A larger sample size will lead to greater accuracy of the results because the purpose of inferential statistics is to use the sample to guess something about the larger population. Hence, a larger sample would certainly help reduce the possibility of errors in the result.
Ammar Kuti Nasser Yes, there is. The sample size does influence the accuracy of the results, but it is not the only factor implicated. A larger sample size tends to provide more reliable and precise estimates, however, it doesn't guarantee accuracy if other factors, such as sampling methods or data quality, are flawed. Although sample size alone doesn't fully determine accuracy, it is an important factor that can improve the confidence and generalizability of statistical results.
Other factors that influence the accuracy of statistical results, aside from sample size, include:
Sampling Method: If the sample is not representative of the population, the results may be biased, regardless of the sample size.
Data Quality: Accurate, consistent, and valid data are crucial. Errors or inconsistencies in data can lead to misleading conclusions.

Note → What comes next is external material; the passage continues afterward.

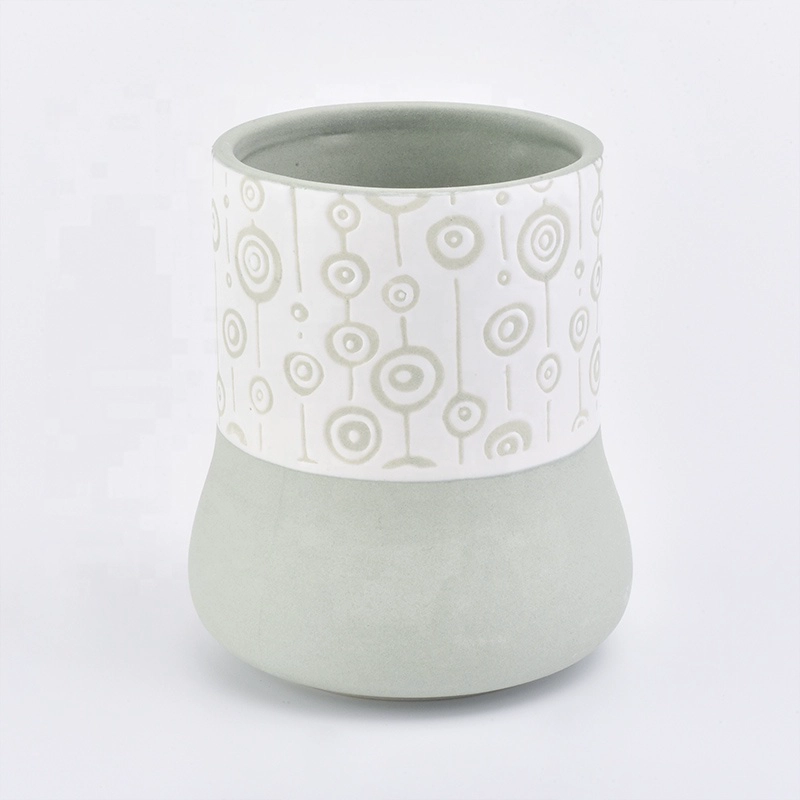 Personalized green glazed candle votive holder church ceramic jar wedding decoration in bulk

Measurement Tools: The reliability and validity of the tools or instruments used to collect data can affect the accuracy of results.
Statistical Techniques: The choice of statistical methods and the appropriateness of the models used can impact how well the results reflect the true relationships in the population.

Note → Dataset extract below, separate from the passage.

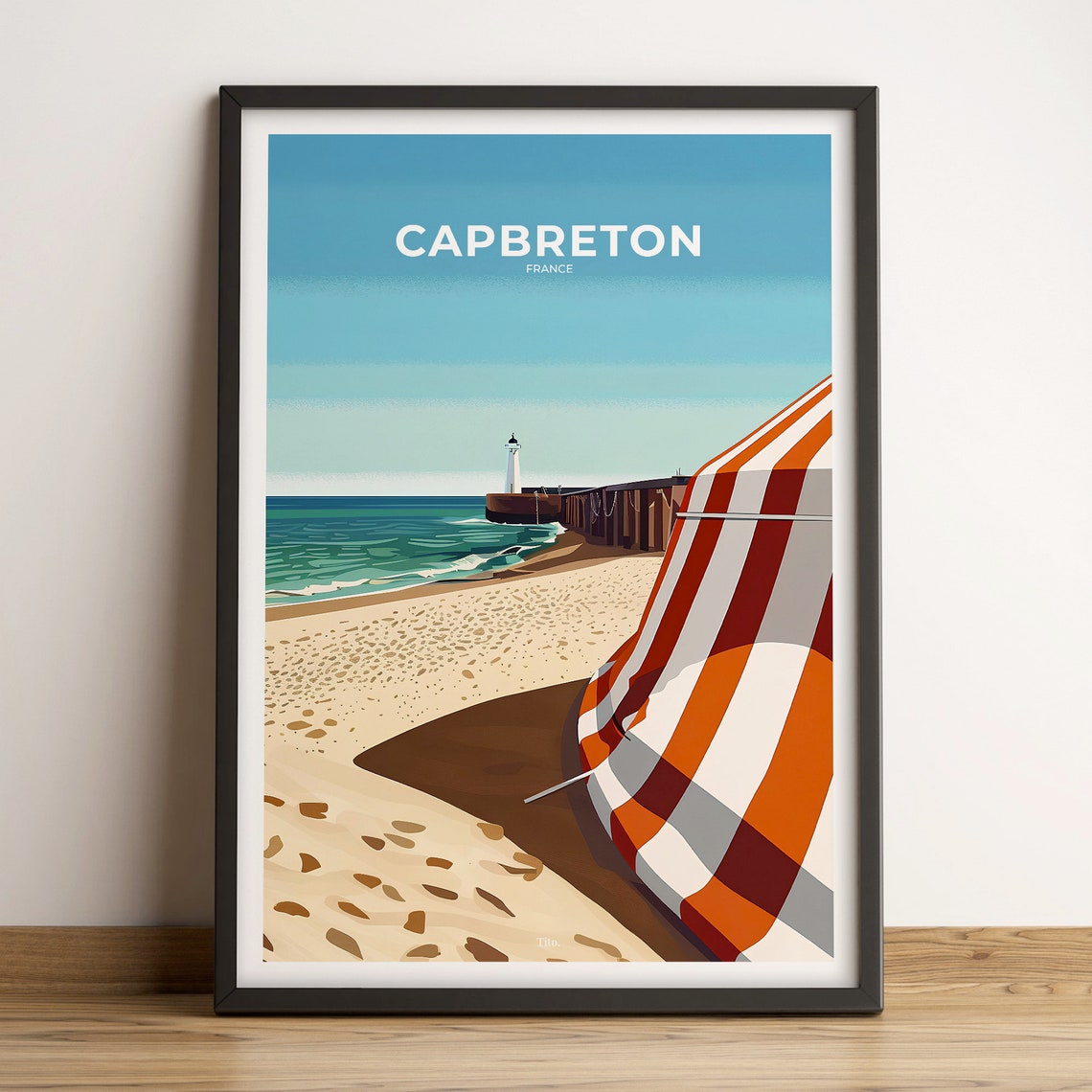 Capbreton France Sandy Beach Striped Cabana Lighthouse Coast Poster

Control of Confounding Variables: Failing to account for potential confounders can lead to inaccurate conclusions. Proper controls help isolate the effect of the independent variable on the dependent variable.
Outliers and Data Distribution: The presence of outliers or the distribution shape (e.g., non-normal distributions) can influence the results, especially if the analysis is sensitive to these factors.
Random Error: Even with a good sample size and methodology, random variations can cause fluctuations in the data, affecting the precision of estimates.
Model Assumptions: Many statistical methods rely on assumptions (e.g., normality, homogeneity of variance), and violations of these assumptions can lead to inaccurate results.
Considering these factors, sample size is just one piece of the puzzle for ensuring statistical accuracy.
The discussion depends on what you mean by accuracy.
One often used picture is the shooting of a series of shots on a target disc. One type of error is a wide spread of the shots all over the disc, another is the center of the spread being off the center of the disc. The first refers to precision, the second to bias. Maybe you mean by accuracy the absence of bias?
Todo depende de cuál es el objetivo a realizarse, ahora el tamaño de la muestra, la herramienta estadística que se escoja para la precisión y resultados de los datos depende en gran manera del tipo de investigación que estés realizando si es cualitativa, si es cuantitativa o mixta. Además existen software que pueden facilitarte esa tarea.
Generally, for a given design, increasing the sample size reduces variance/standard error but not bias. One must quadruple the sample size to halve the standard error.
Yes, when you look at it from data quality perspective, you will realize that smaller sample size with high quality produces more accurate results than larger data without quality.
The rest of the factors being equal, the sample size influences the accuracy of the estimator: larger sample size, greater precision (with the same level of confidence). But this is only the case up to a certain sample size: in large populations, from a certain sample size onwards, the gain in accuracy (lower sampling error) is insignificant, because in this matter the accuracy (precision) curve is a logarithmic function.
As sample size approaches population size, accuracy of the parameter being estimated increases. Once every member of the population is included, we have an exact measure of that parameter and the variance of that parameter. For smaller populations this is easily understood. For example fish in a lake. Spend enough money and one could measure every fish in the lake. For large populations see Jose Luis Palacios reply. Perhaps the first question to ask in any study is "What precision do I require for the purpose of the study?'
2nd : What accuracy is required for purpose of study?
If time is not a problem, one can begin with conservative sample size. If one doesn't obtain needed accuracy, then continue sampling until accuracy needed is obtained. This assumes sufficient resources.
Or one could present results and suggest further studies with larger samples sizes.
My opinion is that all good studies should be published. If your studies show large variances requiring sample sizes larger than those of the study, this information should be available to those interested so that future studies use adequate sample sizes and don't waste time and resources.
In other words, finding these results is important information even if the primary purpose of the study was not met because sample size was too small.
Perhaps? I do not know the reason for your study and what you hope to accomplish. Having a good estimate of sample size that is required should give you a close estimate of cost. You have to decide if potential results warrant the time and costs. Best of outcomes.